Guilherme Arantes - Lembrança do tempo em que eu entrei na FAU [Faculdade de Arquitetura e Urbanismo, da USP) e frequentava o centro. A gente ia comer no Salada Paulista, na República, onde hoje tem um McDonald's. A gente vinha ao Almanara, ao Largo do Arouche, esses lugares são referência para mim. Eu comecei a vir para cá [hotel Marabá] por força do Bar Brahma, que fica na esquina. Comecei a fazer shows ali e fiquei pela primeira vez nesse hotel. Não tinha significado para mim, era o nome do cinema.
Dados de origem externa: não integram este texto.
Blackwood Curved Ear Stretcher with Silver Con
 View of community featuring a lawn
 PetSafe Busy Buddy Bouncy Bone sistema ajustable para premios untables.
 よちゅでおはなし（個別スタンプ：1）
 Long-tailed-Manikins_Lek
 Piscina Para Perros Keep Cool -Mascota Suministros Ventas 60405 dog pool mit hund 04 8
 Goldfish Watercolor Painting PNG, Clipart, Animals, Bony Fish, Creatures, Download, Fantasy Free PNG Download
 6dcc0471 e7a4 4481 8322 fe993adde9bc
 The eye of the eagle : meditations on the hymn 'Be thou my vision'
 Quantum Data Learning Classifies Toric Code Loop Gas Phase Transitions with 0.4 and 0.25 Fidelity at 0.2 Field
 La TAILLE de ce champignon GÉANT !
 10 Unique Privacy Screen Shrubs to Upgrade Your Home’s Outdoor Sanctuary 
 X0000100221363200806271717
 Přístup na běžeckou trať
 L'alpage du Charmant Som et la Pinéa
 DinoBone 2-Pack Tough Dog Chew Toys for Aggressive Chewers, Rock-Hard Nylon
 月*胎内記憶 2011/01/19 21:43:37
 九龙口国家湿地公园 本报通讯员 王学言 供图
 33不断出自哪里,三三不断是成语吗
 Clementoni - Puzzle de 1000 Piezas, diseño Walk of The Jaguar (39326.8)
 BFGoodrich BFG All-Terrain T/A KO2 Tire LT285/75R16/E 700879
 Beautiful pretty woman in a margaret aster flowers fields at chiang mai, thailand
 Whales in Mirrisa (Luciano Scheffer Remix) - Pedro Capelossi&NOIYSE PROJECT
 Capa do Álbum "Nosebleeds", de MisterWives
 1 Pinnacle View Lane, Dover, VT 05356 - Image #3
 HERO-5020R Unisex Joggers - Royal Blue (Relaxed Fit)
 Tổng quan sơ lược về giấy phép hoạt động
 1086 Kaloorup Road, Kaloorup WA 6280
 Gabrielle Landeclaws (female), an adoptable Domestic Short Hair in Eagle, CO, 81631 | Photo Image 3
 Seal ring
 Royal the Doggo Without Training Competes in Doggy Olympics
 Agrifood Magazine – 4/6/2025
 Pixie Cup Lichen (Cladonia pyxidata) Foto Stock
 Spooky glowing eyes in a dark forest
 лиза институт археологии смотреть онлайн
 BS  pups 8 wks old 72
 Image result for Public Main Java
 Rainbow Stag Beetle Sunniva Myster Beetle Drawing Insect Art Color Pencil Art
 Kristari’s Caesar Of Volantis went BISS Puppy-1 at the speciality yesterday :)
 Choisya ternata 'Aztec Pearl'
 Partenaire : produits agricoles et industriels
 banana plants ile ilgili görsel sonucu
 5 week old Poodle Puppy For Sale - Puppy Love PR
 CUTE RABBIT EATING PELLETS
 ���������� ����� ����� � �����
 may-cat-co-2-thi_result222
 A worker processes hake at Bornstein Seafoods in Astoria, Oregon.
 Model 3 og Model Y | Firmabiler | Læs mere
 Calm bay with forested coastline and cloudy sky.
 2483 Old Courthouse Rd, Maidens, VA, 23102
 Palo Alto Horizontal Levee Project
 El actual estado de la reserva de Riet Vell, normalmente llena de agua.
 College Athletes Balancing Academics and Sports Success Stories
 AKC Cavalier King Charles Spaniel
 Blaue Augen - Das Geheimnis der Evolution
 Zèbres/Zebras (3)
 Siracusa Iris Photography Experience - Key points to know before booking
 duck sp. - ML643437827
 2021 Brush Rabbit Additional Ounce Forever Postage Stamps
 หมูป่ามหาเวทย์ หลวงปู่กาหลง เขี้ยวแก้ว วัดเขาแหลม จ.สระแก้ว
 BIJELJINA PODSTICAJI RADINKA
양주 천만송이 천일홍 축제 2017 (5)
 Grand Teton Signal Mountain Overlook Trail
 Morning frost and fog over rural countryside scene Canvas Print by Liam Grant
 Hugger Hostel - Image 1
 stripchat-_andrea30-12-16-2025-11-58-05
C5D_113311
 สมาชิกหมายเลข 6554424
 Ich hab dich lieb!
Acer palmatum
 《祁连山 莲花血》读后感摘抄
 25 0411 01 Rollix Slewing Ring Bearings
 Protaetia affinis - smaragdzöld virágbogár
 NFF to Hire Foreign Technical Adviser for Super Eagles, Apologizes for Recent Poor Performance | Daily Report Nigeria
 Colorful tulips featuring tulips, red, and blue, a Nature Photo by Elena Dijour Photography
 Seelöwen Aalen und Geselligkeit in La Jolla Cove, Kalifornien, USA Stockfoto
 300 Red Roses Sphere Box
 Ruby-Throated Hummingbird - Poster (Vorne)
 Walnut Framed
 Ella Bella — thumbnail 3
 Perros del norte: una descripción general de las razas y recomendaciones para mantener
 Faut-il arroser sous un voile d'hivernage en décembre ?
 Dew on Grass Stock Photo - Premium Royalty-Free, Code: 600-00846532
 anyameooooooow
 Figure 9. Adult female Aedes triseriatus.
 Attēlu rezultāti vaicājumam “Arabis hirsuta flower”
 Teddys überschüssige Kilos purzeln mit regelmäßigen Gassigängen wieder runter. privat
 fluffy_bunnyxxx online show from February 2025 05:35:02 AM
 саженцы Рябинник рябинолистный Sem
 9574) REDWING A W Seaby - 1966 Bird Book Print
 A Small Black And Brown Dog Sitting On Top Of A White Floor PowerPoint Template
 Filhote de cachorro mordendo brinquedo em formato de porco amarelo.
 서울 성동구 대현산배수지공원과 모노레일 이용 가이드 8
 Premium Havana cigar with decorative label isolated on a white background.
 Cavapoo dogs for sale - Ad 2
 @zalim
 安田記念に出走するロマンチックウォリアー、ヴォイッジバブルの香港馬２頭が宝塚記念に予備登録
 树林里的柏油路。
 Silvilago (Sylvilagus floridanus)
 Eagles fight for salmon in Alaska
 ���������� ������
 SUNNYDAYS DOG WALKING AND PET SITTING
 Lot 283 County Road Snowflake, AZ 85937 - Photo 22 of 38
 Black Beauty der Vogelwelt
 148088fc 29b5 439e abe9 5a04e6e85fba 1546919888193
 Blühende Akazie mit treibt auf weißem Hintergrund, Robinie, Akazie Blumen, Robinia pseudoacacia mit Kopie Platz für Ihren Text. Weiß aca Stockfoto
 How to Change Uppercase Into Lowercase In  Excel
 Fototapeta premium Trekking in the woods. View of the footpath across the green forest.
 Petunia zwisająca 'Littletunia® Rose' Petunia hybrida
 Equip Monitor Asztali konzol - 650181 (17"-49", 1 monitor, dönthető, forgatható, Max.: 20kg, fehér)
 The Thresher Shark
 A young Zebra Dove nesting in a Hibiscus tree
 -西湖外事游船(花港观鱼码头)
Mas passei a ver a vida própria que tem nessa região, tem muitas opções de comida, o Bar da Dona Onça. É muito mais engraçada do que Jardins ou Morumbi. Aqui tem vida, tem a Galeria do Rock, tem milhões de coisas acontecendo. E acabou dando o clima do "Condição Humana", o disco que eu lancei em 2013, que foi mesmo um resgate do centro de São Paulo, do tempo dos meus 17, 18 anos. "Condição Humana" trouxe muito daquela energia dos anos 1970, montamos uma banda com músicos da época, como o Luis Sergio Carlini, uma banda naqueles moldes e fizemos um disco daquele jeito. E deu supercerto.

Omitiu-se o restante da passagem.